A firebrand leader of the ultra-nationalist party, Aleksandar Vucic, said the demonstration was against Serbia’s pro-Western President Boris Tadic for ordering Karadzic’s arrest.
“The protest is against the treacherous and dictatorial regime” of Tadic, he told journalists ahead of the demonstration, the first major show of force against Karadzic’s arrest.
The demonstration was expected to be the biggest in Belgrade since February, when 150,000 protested Kosovo’s declaration of independence from Serbia in a rally that sparked attacks on Western embassies, wild rioting and looting.
It was scheduled to start at 7pm in Belgrade’s main Republic Square, which is much smaller than the area where the Kosovo rally was staged in front of the old Yugoslav parliament building.
Vucic had called for a peaceful march through Belgrade’s central streets to show the “unity of all the free people of Serbia,” while Karadzic’s brother Luka had promised a “Gandhi-like” protest.
Karadzic is fighting his transfer to The Hague, where he stands accused of playing a leading role in the siege of Sarajevo and Srebrenica massacre of Muslim males, the bloodiest single atrocity in Europe since World War II.
But his lawyer Svetozar Vujacic openly admits the appeal, posted by regular mail at the latest possible moment before the weekend, is a tactic designed to delay his transfer to the International Criminal Tribunal for the former Yugoslavia.
And the appeal was still in the post yesterday, said Ivana Ramic, the spokeswoman for its intended recipients at Serbia’s special war crimes court.
Once the appeal is received, a three-judge panel of the court has three days to decide on its merits before the justice ministry must issue a final order for the transfer.

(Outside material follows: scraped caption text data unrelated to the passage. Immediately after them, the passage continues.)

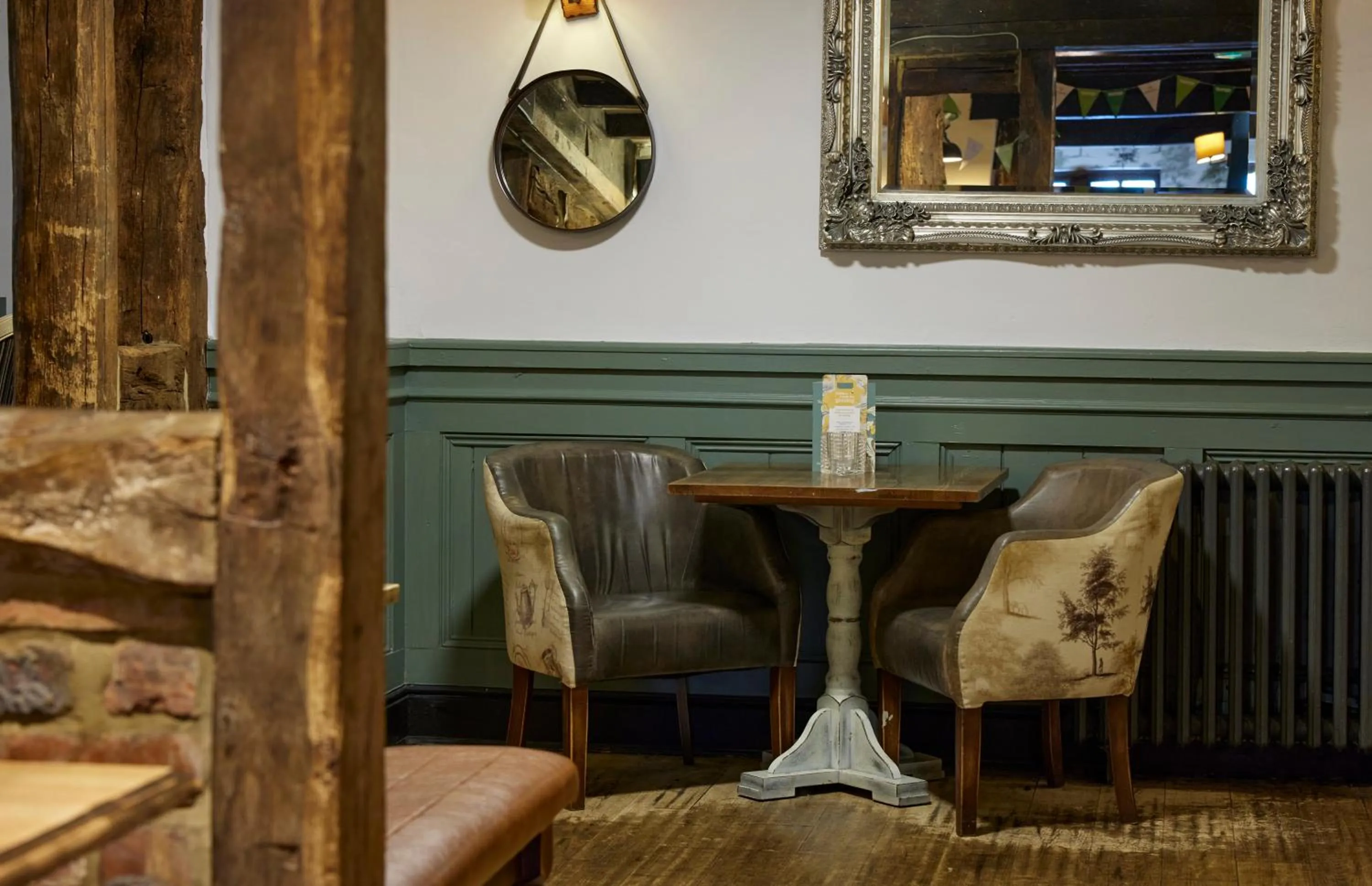 Restaurant/places to eat in Crossroads by Chef & Brewer Collection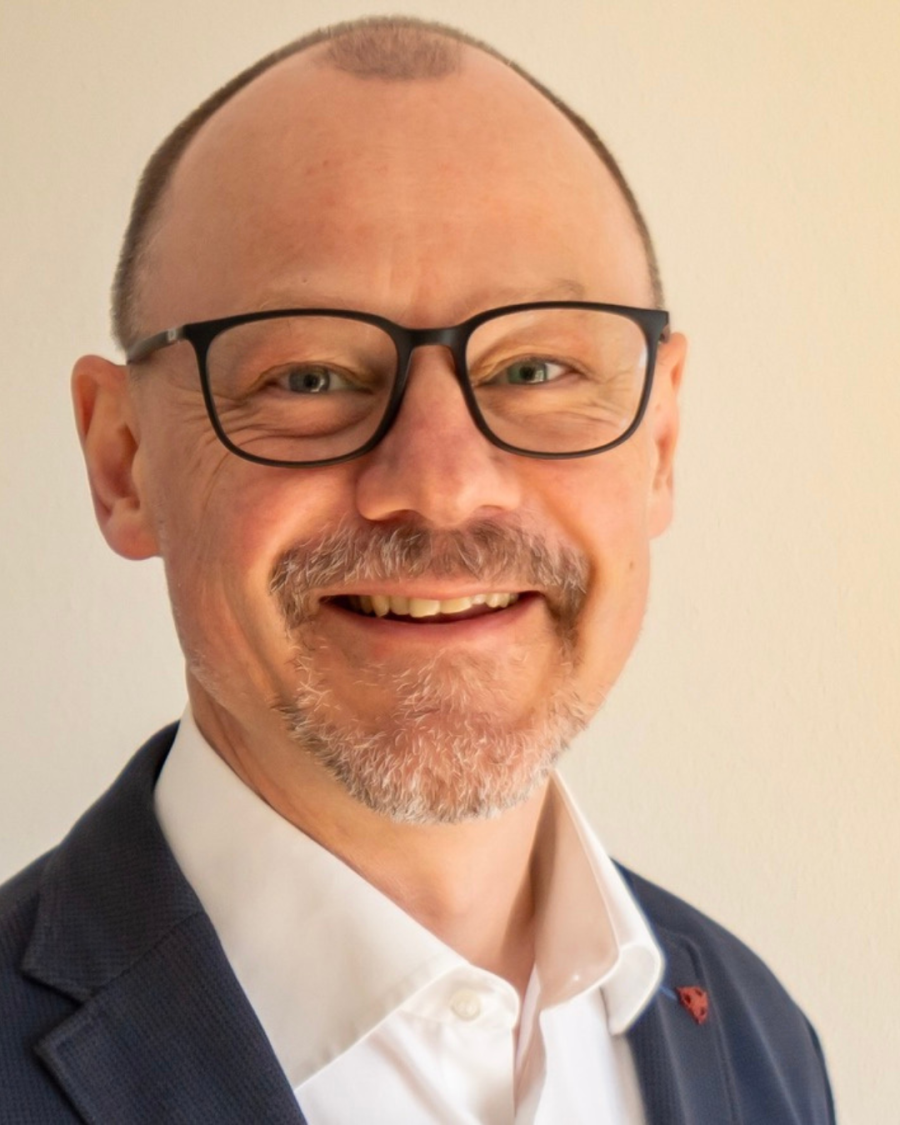 Hans Schwarzer Portrait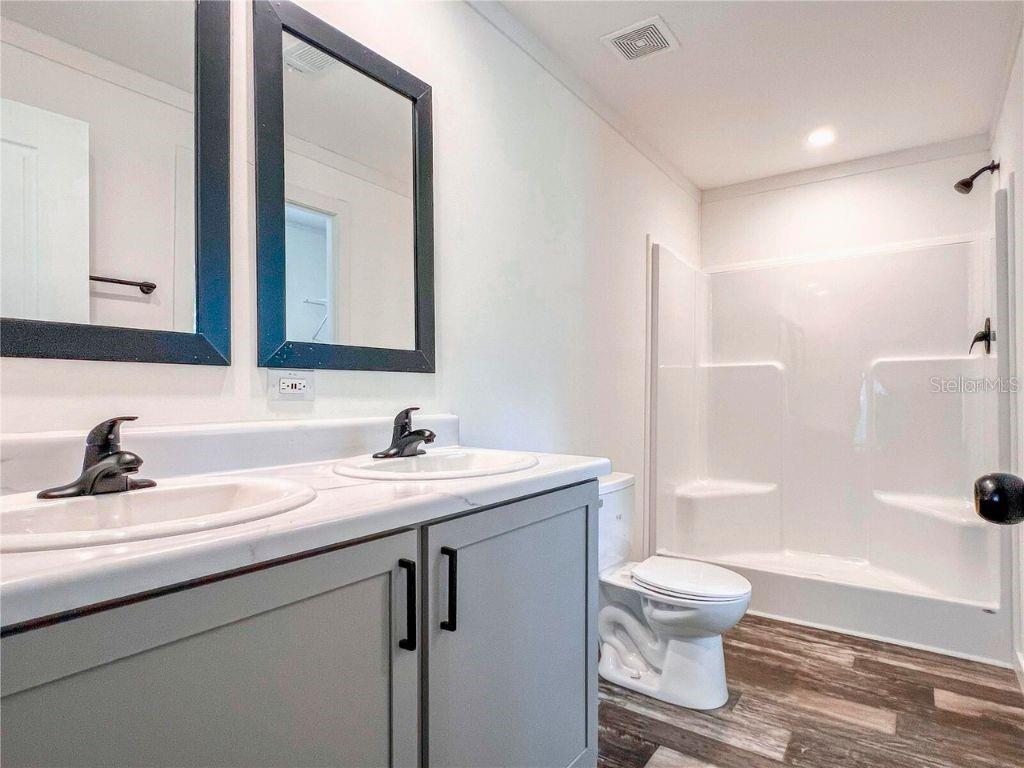 Manufactured Home at 16108 GUPTON ST, BROOKSVILLE, photo 15 of 27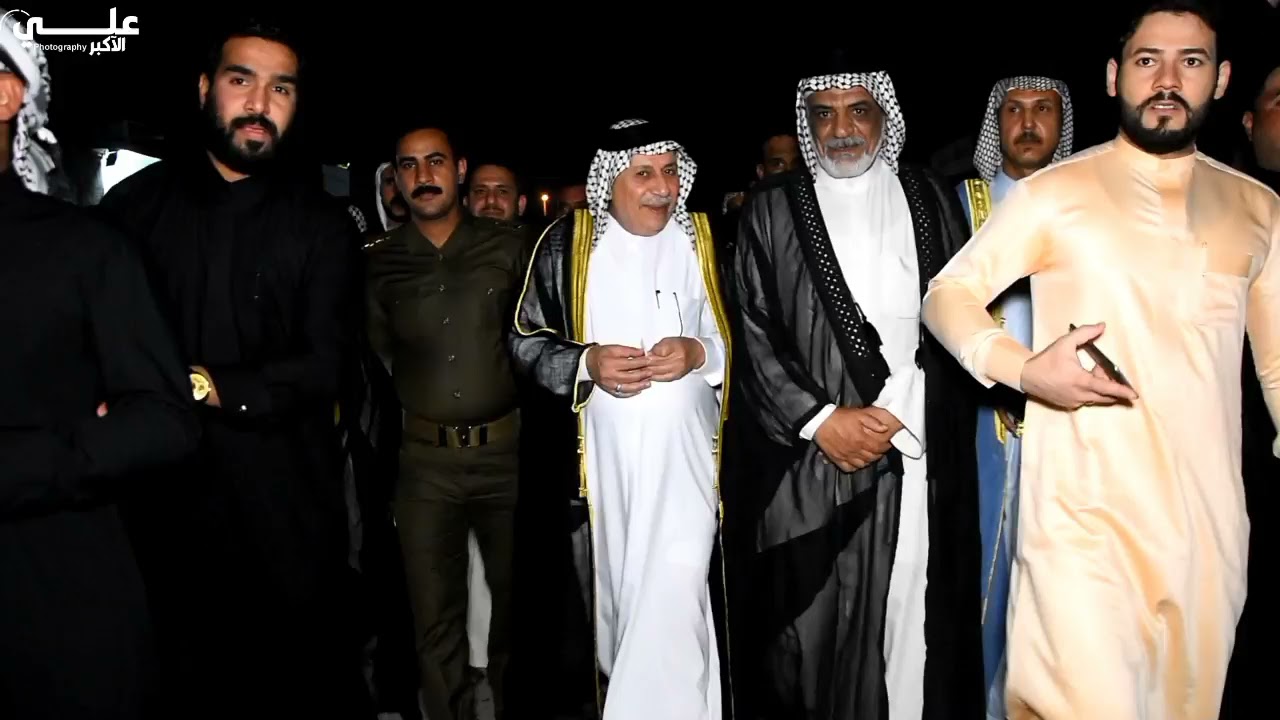 شيخ عشيره بني منصور الشيخ محمد كامل حنون يكرم الشاعر علي المنصوري لموقفه الشجاع في برنامج طنب رسلان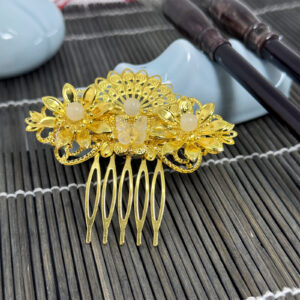 Golden Blossom Radiance Haircomb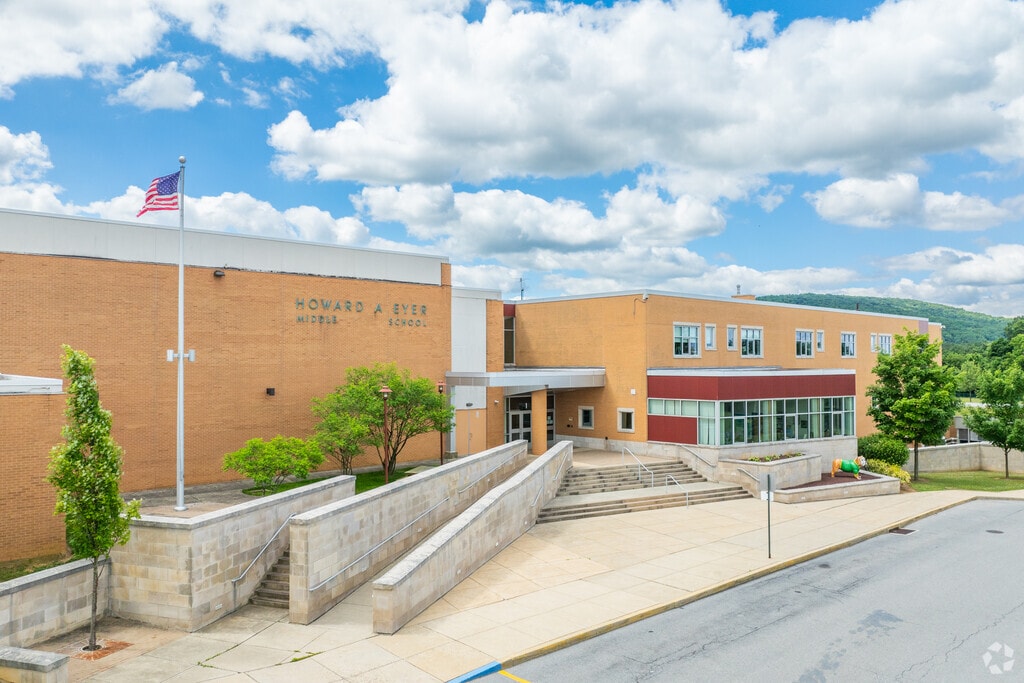 Eyer Middle School receives an excellent A- overall grade from niche.com.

Despite some reports to the contrary, Serbia is unlikely to order the transfer of Karadzic until after the protest in order to avoid the risk of it getting out of hand like the Kosovo rally.
Riot police will turn out in force to avoid a repeat of that, or any attacks on journalists like those that have marred smaller daily protests that have been staged in support of Karadzic since his capture.
Karadzic, 63, was arrested on July 21 while riding a suburban bus through Belgrade, after more than a decade on the run disguised as a specialist in “human quantum energy.”